Love, heartbreak, and moving have become popular clichés in movies, TV dramas, and novels. However, present these themes during the outbreak of the AIDS epidemic and make angels crash out of the sky, and you’ve got an epic theatrical production that explores everything from politics to romance to meteors; you’ve got “Angels in America: A Gay Fantasia on National Themes.”
Tony Kushner’s two-play work is the Harvard-Radcliffe Dramatic Company’s first spring Loeb Mainstage production. While the first play, “Millennium Approaches,” debuted at Harvard more than a decade ago in 1997, Harvard has never performed the second play, “Perestroika.” Co-directed by Sara L. Wright ’09 and Laura S. Hirschenberg ’09 and produced by Elizabeth J. Krane ’11 and Brittany L. Turner ’09, “Millennium Approaches” opens on April 3, 2009, followed by “Perestroika” on April 4, 2009.
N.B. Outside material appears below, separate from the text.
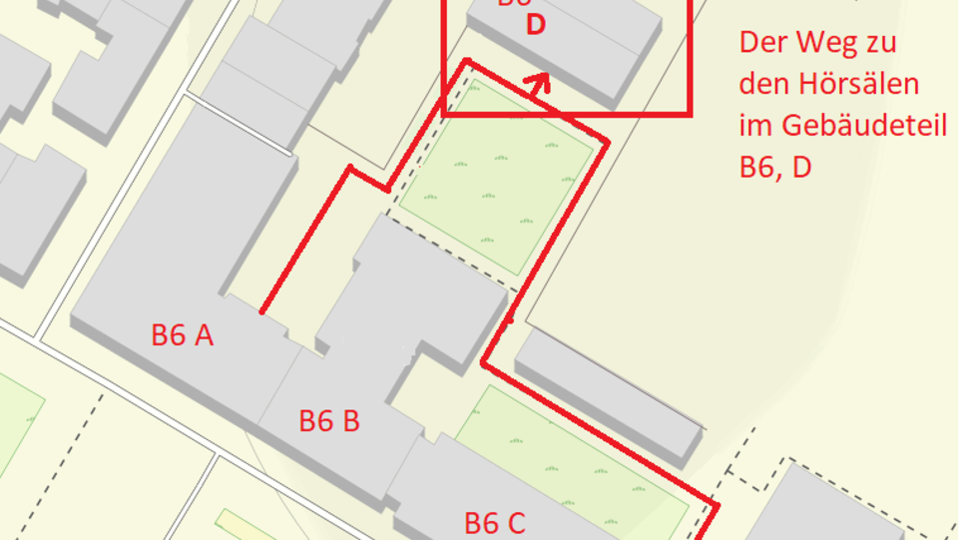 Ein Gebäudeplan mit Wegbeschreibung zu B6, gelber Untergrund, graue Gebäude und rote Wegkennzeichnung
“Angels in America” was originally two plays written within two years of each other in 1991 and 1992, both winning Tony Awards for Best Play in 1993 and 1994, respectively, as well as a Pulitzer Prize. Over a total of six hours, the work follows the shifts, declines, and evolution of the relationships of two couples, one gay and one straight, in New York City in the 1980s.
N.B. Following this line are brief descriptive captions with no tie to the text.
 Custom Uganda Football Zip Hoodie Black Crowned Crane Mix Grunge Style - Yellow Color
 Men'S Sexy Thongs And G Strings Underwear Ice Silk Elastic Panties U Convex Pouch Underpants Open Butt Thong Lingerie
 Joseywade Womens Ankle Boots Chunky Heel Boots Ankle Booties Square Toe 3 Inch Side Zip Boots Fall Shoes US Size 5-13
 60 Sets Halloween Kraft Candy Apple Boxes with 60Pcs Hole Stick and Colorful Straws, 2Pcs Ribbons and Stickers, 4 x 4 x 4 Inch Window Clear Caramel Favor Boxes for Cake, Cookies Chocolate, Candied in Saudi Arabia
Despite the difficulty of undertaking such an epic production, both Wright and Hirschenberg knew that they wanted to see both parts on stage.
“The two parts are two self-sufficient plays that are made into one continuous play,” Hirschenberg said. “It’s such a large undertaking, but it’s sort of a ‘sum is greater than the parts’ thing.”
Wright agreed that the production is worth the challenge. “This play has never been done in its entirety before at Harvard, and we both considered that it’s one of our favorite plays of all time,” Wright said. “Laura and I knew that it would be a daunting task, but we wanted to do something that would be a challenge and also fulfilling for our senior spring.”
A key element of the play is its meshing of reality and fantasy. One of the challenges both the cast and crew faced was how to interconnect these two realms together effectively to produce a moving play about the characters’ journeys to both physical and emotional wellness.
“These fantastical scenes blend in effortlessly, so you have to be paying attention,” costume designer Rheeqrheeq A. Chainey ’11 said, who plays Belize, an ex-ex drag queen and nurse. “You slide from Brooklyn to Antarctica in one scene, for example.”
In order to fully represent the fantastical elements of the plot, the sets were designed to be changed quickly.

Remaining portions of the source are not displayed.